The nation's biggest retailer has also taken steps to be faster.
Wal-Mart Stores Inc. has lopped off 11 seconds from chip-card
transaction time, a spokesman said.
Among other things, the Bentonville, Ark., company has
eliminated a prompt that asked shoppers to confirm the amount of
the transaction.
The moves are a reflection of the widespread consternation that
has greeted the new cards, which offer better security than the
older ones but require more technology that slows transaction
speeds.
Take Frank McGinnis, who says he grits his teeth whenever he has
to wait 10 or 20 seconds for his transaction to be processed using
his chip-enabled debit card at a store.
"It sounds negligible in number but it's significant in terms of
mental well-being or calmness or whatever you want to call it,"
says Mr. McGinnis, who says he gets especially frustrated when he
makes a quick stop on his way home from work in Poughkeepsie,
N.Y.
The delays have also caused aggravation among merchants, who
benefit from getting customers through the line as efficiently as
possible.
"Overall, there was some merchant dissatisfaction with how long
it was taking to process the transaction," said Ellen Richey,
Visa's vice chairman of risk and public policy, in an
interview.
The new Visa software will reduce the amount of time that the
card must be in the reader. It allows the chip card to be inserted
and removed from the terminal while an order is still being rung up
by a cashier. The transaction amount isn't authorized by the card
issuer until it is complete, but the change allows the customer to
put the card away more quickly.
Financial institutions have shipped hundreds of millions of the
new debit-and-credit cards to consumers over the past year as part
of an industrywide effort to cut down on counterfeit fraud. The
cards are embedded with a computer chip that provides a unique code
for each transaction instead of relying on static data that are
contained on the back of cards with a traditional magnetic
strip.
The chip cards won't stop thieves from hacking into a merchant's
payment system, but any stolen card information is essentially
useless because the data change each time the card is used.

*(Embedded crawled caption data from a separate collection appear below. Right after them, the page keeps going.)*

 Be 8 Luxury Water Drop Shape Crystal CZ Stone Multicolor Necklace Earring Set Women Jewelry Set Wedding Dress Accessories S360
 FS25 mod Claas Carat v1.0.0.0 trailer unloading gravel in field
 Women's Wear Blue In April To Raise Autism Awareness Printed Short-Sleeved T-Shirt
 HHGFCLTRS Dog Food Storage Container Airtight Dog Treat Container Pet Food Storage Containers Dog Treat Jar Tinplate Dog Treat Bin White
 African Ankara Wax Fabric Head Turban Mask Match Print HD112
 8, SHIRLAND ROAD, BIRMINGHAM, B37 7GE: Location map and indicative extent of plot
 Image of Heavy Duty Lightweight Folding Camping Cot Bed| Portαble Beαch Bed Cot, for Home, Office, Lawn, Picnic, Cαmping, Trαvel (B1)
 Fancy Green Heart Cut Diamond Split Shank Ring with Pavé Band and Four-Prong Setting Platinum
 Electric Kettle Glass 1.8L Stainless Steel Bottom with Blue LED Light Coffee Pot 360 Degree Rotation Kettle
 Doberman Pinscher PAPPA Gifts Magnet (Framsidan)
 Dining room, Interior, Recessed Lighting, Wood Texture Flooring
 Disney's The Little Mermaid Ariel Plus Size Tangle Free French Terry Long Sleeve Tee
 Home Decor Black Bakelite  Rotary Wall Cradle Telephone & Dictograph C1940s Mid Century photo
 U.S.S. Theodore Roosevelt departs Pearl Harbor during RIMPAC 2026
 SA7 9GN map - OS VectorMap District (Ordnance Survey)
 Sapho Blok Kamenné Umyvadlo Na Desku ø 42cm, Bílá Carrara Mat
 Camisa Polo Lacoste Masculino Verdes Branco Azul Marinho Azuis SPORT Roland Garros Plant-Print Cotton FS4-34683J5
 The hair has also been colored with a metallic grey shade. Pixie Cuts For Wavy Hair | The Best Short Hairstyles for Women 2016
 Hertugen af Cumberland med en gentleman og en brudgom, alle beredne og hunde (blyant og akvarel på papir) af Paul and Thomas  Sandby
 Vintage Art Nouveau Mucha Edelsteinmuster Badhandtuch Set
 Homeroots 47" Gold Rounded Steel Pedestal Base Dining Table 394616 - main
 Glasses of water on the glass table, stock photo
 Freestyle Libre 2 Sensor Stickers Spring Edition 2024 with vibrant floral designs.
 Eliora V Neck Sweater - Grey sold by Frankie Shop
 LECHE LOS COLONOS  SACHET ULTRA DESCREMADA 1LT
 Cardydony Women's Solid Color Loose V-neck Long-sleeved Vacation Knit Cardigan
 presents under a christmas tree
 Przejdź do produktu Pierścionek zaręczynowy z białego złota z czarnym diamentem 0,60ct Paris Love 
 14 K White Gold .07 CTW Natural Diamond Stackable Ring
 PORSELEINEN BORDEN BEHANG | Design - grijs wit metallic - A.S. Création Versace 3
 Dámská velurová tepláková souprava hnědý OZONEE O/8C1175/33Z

Many shoppers who are accustomed to swiping their card in a
reader in an instant have been flummoxed by the new method that
requires them to insert the card into the reader and leave it there
until the transaction is finished.
But it is not just shopper fumbling that makes the transactions
more time-consuming. The length of the transactions also varies
among merchants based on how the payment terminals are configured,
the speed of the connection, and whether the terminals prompt the
shopper on how to make the payment, merchants and payment
executives say.
A study conducted by JDA Software Group Inc. found that using a
chip card typically added 8 to 12 seconds per check-out process due
to the actual transaction, "fumble time" and the time it took the
cashier to instruct shoppers on how to use new machines. The study
used two different card-reading machines at an unnamed specialty
retailer that has more than 4,000 stores.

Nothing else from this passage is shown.